── SOURCE MATERIAL

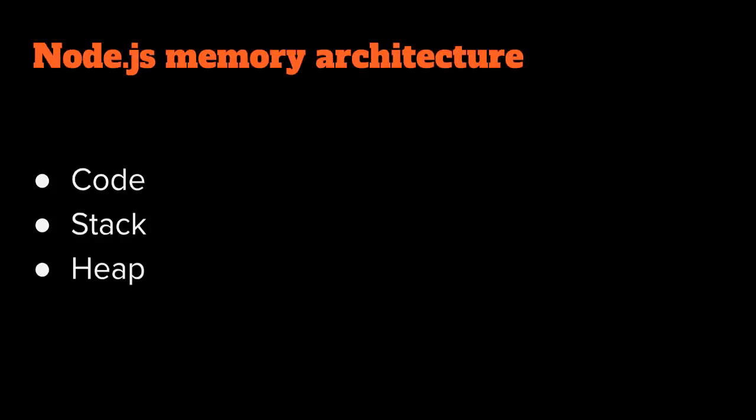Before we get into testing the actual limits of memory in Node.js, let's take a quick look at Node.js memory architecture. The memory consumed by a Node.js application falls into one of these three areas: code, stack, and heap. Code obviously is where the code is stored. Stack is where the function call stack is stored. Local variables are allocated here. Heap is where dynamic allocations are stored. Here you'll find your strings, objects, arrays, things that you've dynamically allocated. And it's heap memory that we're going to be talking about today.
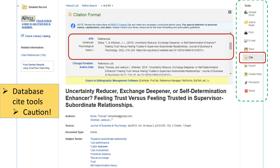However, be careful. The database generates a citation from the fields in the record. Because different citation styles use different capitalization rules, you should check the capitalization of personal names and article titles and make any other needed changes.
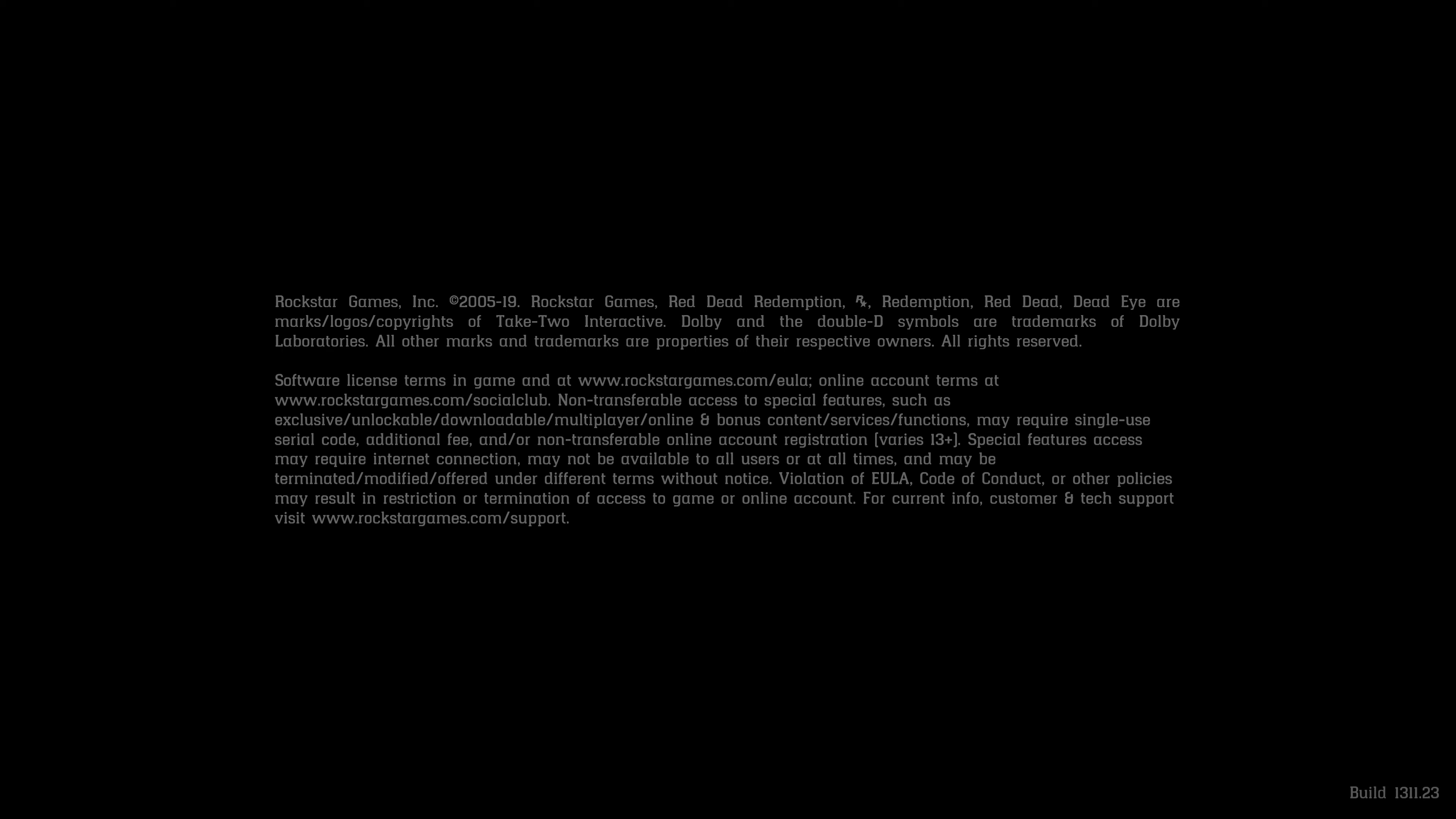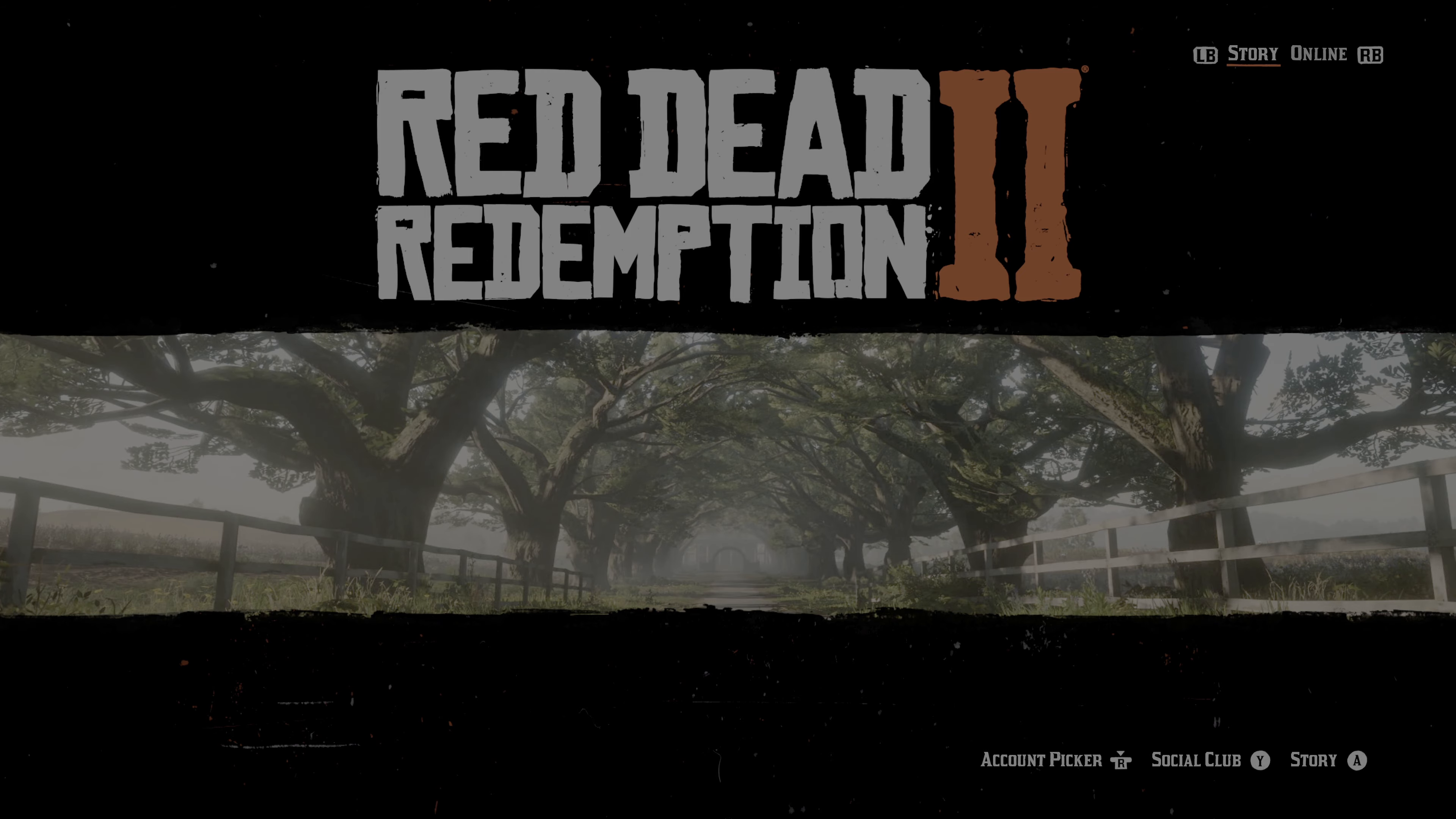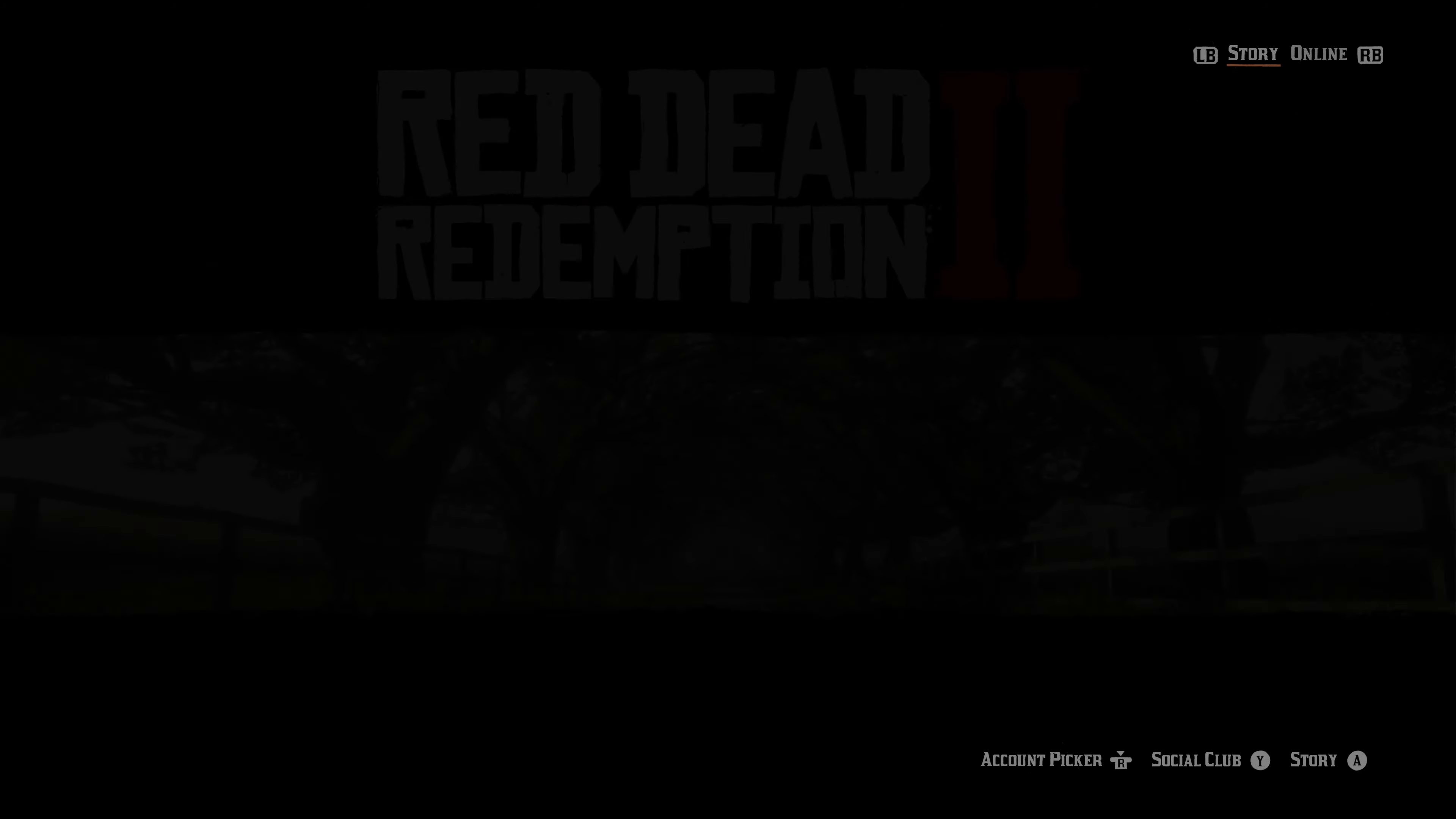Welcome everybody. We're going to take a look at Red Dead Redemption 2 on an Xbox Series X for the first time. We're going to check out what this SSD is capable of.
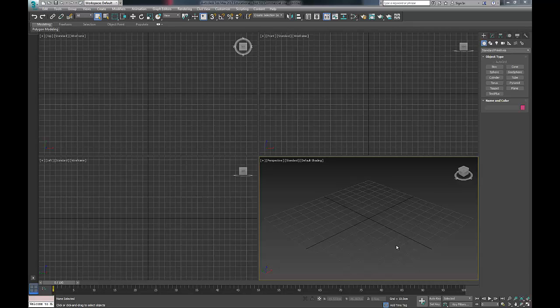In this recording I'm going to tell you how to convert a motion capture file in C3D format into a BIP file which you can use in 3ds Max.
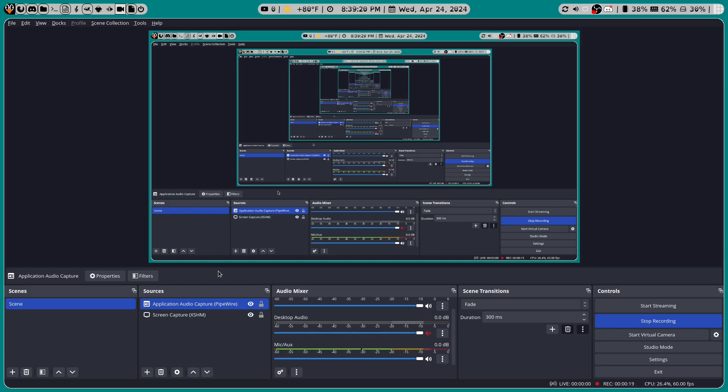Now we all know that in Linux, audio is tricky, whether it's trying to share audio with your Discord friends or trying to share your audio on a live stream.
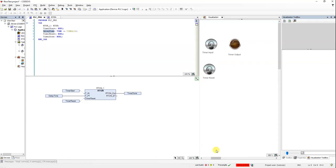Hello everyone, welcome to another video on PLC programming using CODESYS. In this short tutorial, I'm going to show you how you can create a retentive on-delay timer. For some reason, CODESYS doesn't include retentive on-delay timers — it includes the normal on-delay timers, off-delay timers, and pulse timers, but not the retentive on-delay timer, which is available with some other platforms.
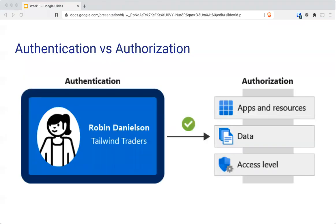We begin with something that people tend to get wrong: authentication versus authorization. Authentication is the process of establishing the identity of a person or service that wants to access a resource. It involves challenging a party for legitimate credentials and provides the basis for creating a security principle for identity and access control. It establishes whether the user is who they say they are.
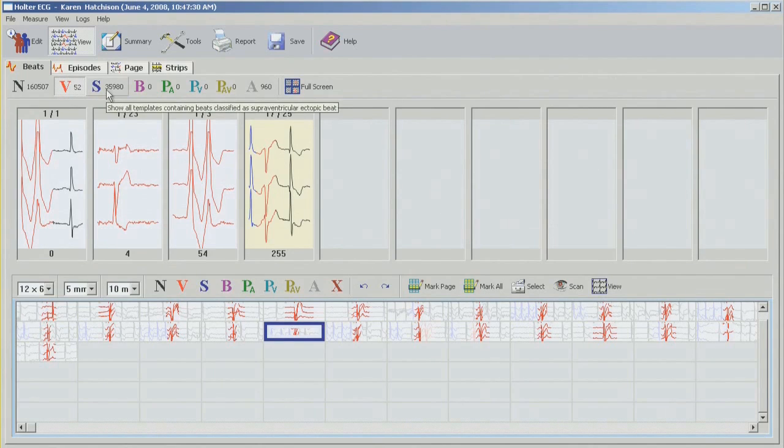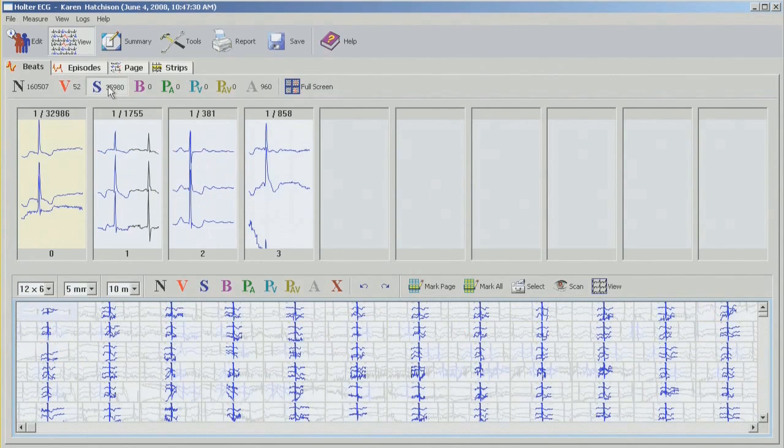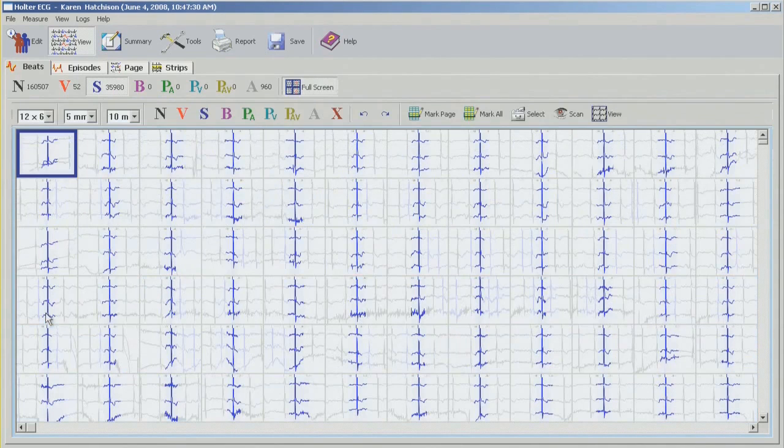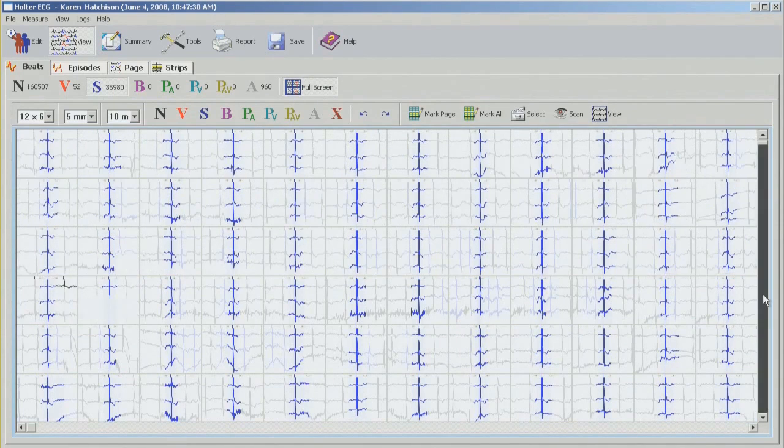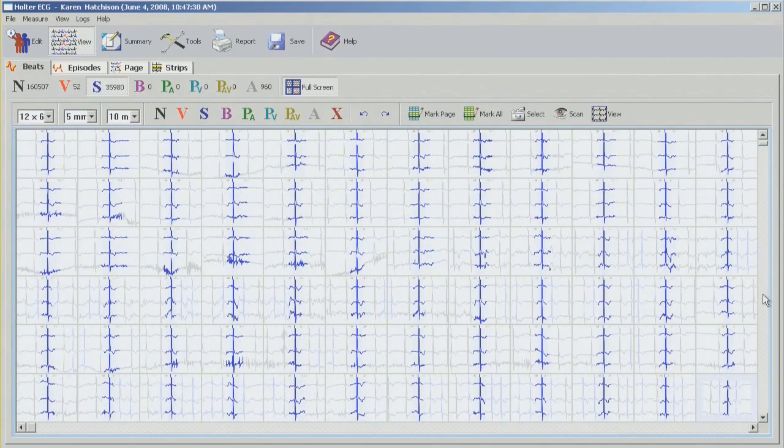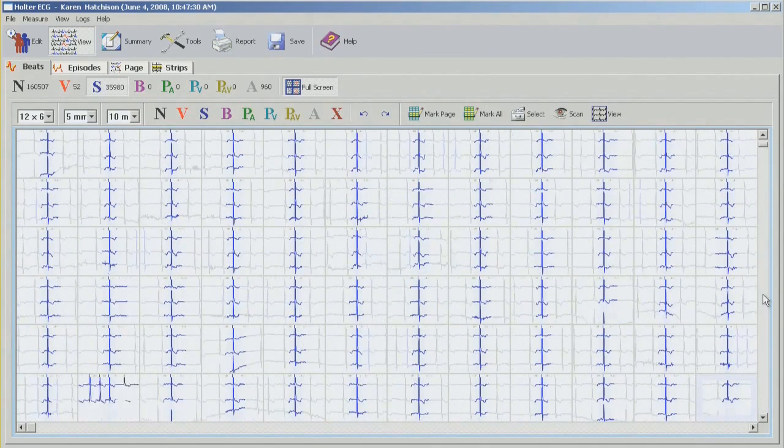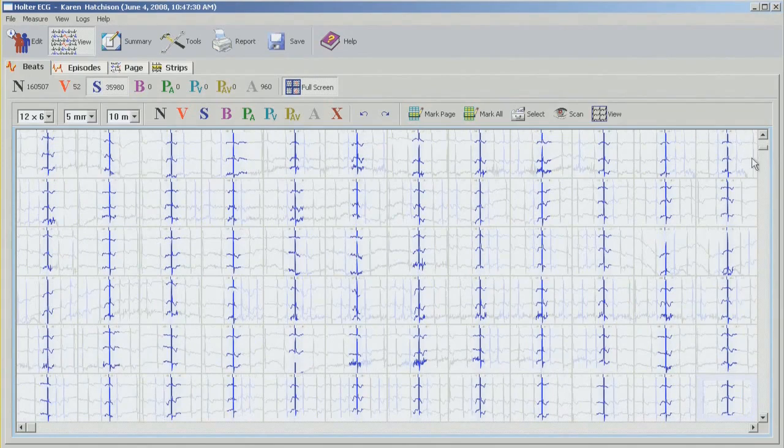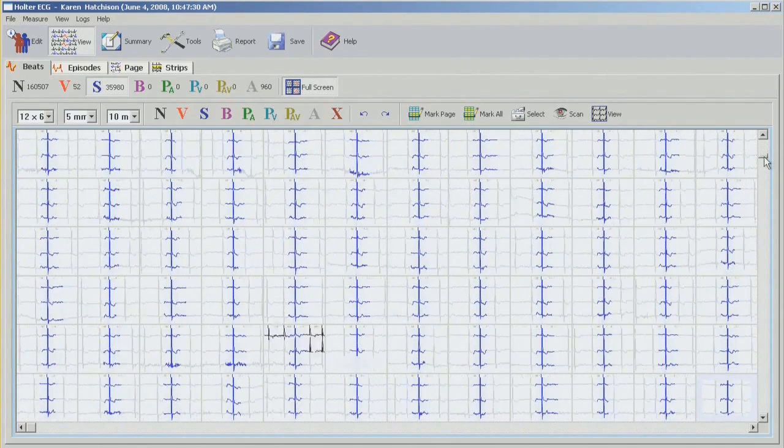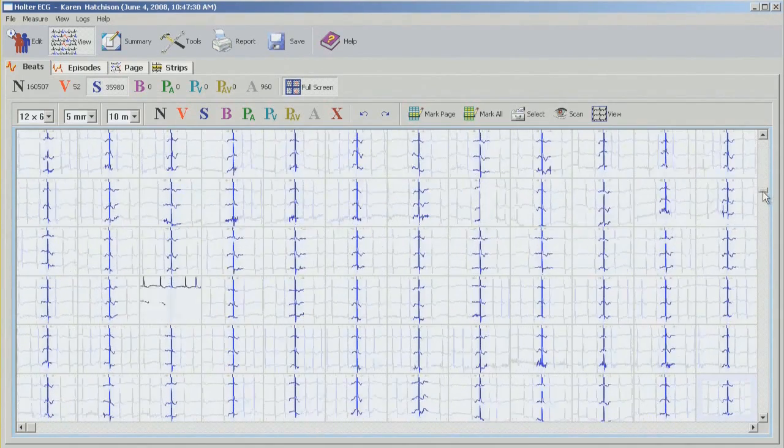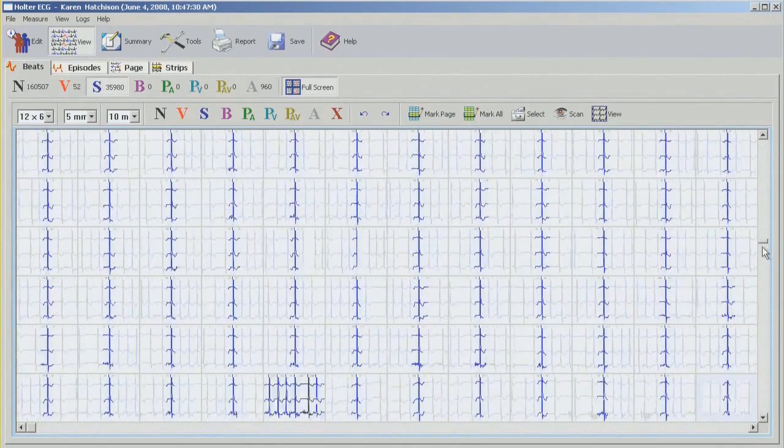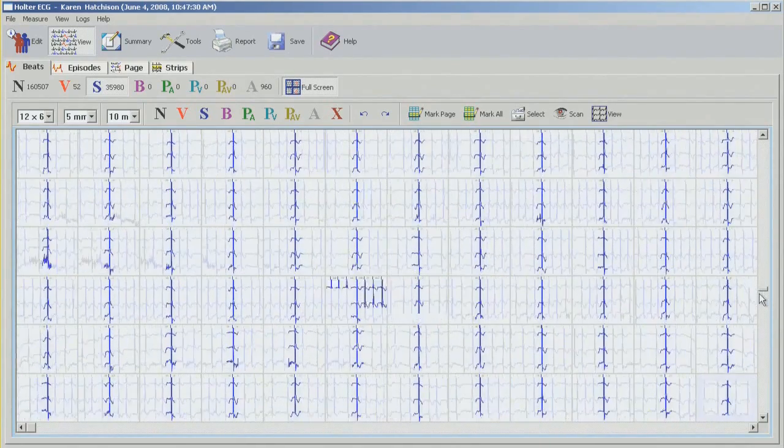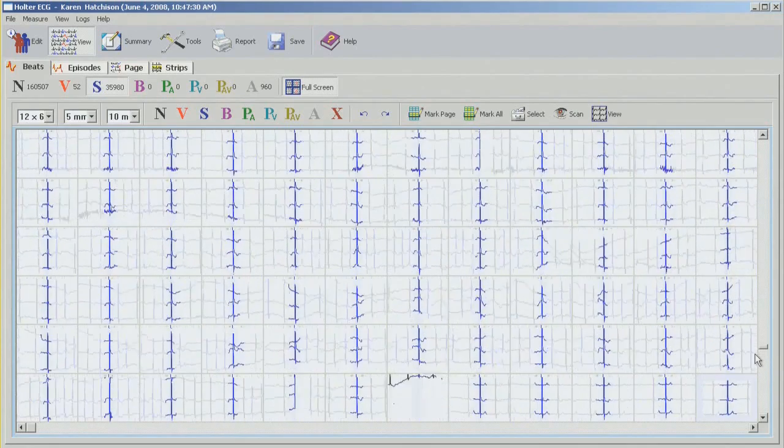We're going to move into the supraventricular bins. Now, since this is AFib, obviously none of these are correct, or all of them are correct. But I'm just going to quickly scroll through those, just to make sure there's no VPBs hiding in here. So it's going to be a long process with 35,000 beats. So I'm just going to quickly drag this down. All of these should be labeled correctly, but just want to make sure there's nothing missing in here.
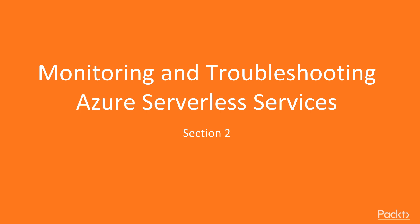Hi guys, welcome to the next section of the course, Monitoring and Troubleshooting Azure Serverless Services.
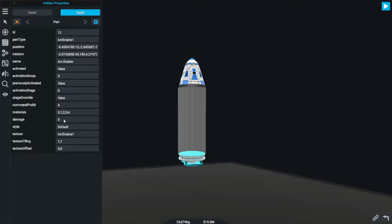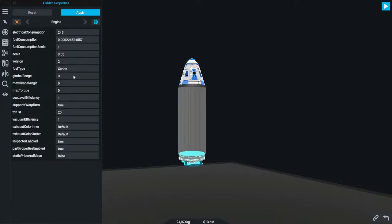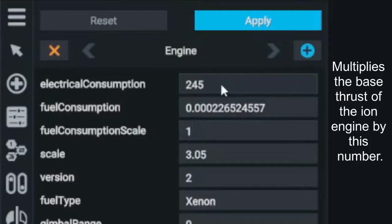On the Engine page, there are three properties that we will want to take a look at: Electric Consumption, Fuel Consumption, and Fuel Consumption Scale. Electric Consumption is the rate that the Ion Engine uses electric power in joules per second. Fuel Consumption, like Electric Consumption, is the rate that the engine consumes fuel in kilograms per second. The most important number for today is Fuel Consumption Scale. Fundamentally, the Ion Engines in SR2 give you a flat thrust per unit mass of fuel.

────

● **EXERCISE REQUIREMENTS**
Please keep every line of the data the same when you reproduce it, and keep every picture out.

● **SOLUTION BELOW**
Before we get into testing the actual limits of memory in Node.js, let's take a quick look at Node.js memory architecture. The memory consumed by a Node.js application falls into one of these three areas: code, stack, and heap. Code obviously is where the code is stored. Stack is where the function call stack is stored. Local variables are allocated here. Heap is where dynamic allocations are stored. Here you'll find your strings, objects, arrays, things that you've dynamically allocated. And it's heap memory that we're going to be talking about today.
However, be careful. The database generates a citation from the fields in the record. Because different citation styles use different capitalization rules, you should check the capitalization of personal names and article titles and make any other needed changes.
Welcome everybody. We're going to take a look at Red Dead Redemption 2 on an Xbox Series X for the first time. We're going to check out what this SSD is capable of.
In this recording I'm going to tell you how to convert a motion capture file in C3D format into a BIP file which you can use in 3ds Max.
Now we all know that in Linux, audio is tricky, whether it's trying to share audio with your Discord friends or trying to share your audio on a live stream.
Hello everyone, welcome to another video on PLC programming using CODESYS. In this short tutorial, I'm going to show you how you can create a retentive on-delay timer. For some reason, CODESYS doesn't include retentive on-delay timers — it includes the normal on-delay timers, off-delay timers, and pulse timers, but not the retentive on-delay timer, which is available with some other platforms.
We begin with something that people tend to get wrong: authentication versus authorization. Authentication is the process of establishing the identity of a person or service that wants to access a resource. It involves challenging a party for legitimate credentials and provides the basis for creating a security principle for identity and access control. It establishes whether the user is who they say they are.
We're going to move into the supraventricular bins. Now, since this is AFib, obviously none of these are correct, or all of them are correct. But I'm just going to quickly scroll through those, just to make sure there's no VPBs hiding in here. So it's going to be a long process with 35,000 beats. So I'm just going to quickly drag this down. All of these should be labeled correctly, but just want to make sure there's nothing missing in here.
Hi guys, welcome to the next section of the course, Monitoring and Troubleshooting Azure Serverless Services.
On the Engine page, there are three properties that we will want to take a look at: Electric Consumption, Fuel Consumption, and Fuel Consumption Scale. Electric Consumption is the rate that the Ion Engine uses electric power in joules per second. Fuel Consumption, like Electric Consumption, is the rate that the engine consumes fuel in kilograms per second. The most important number for today is Fuel Consumption Scale. Fundamentally, the Ion Engines in SR2 give you a flat thrust per unit mass of fuel.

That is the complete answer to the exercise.